I had a law degree, a shiny new shingle, and a work ethic fueled by espresso, ambition, and just enough Catholic guilt to keep me going long after everyone else had turned out the lights. I was launching my own practice, building it from the ground up—client by client, contract by contract, paper cut by paper cut.
In those early years, I worked like a man possessed. Nights, weekends, birthdays, anniversaries—I was there, in the office, elbow-deep in court documents and correspondence while the rest of the world barbecued and went to baseball games.
I hadn’t taken a real vacation in years. Not because I didn’t want to, but because I thought I couldn’t. Time off? That’s for other people. People with bosses. People with paychecks. People whose livelihoods didn’t depend on them being a one-person legal machine. I had bills to pay, a reputation to build, and besides, if I didn’t do the work, who would?
Enter Donnie.
Donnie was a good friend and a self-employed electrician—gruff voice, calloused hands, smarter than most of the folks who wore ties and liked to tell electricians what to do. We met through some mutual friends, and I liked him immediately. Donnie had this habit of telling the truth, even when it was wildly inconvenient.

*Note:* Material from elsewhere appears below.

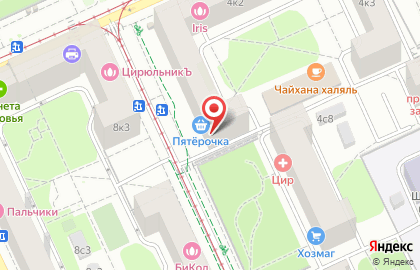 Ригла на Войковской (ул Зои и Александра Космодемьянских) на карте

One day, we were talking about summer plans. Or rather, he was talking about his. He and his wife were taking the kids to the beach—boardwalk fries, cheap T-shirts, sand everywhere.
He asked me what I was doing. I laughed and said, “Work.”
And that’s when he scolded me.
“You can’t be serious,” he said. “What do you think your kids are gonna remember when they grow up? The Tuesday you spent at the office reviewing somebody’s will?”
I opened my mouth to argue, but he wasn’t finished.
“Regular summer days blur together,” he said. “They’re just one long hot stretch of cereal, TV reruns, and whatever’s in the fridge. But vacations? That’s where the memories live. The time Dad cannonballed into the pool and lost his sunglasses. The night we all stayed up too late eating ice cream on the boardwalk. That weird hotel room with the flickering lamp and the closet that smelled like crayons. You remember that stuff. You hold onto it.”
He was right.
Children—and adults, for that matter—don’t store their fondest memories on spreadsheets or in filing cabinets. They store them in moments that break the routine. Moments that are out of the ordinary. Moments that feel, in the best sense of the word, useless.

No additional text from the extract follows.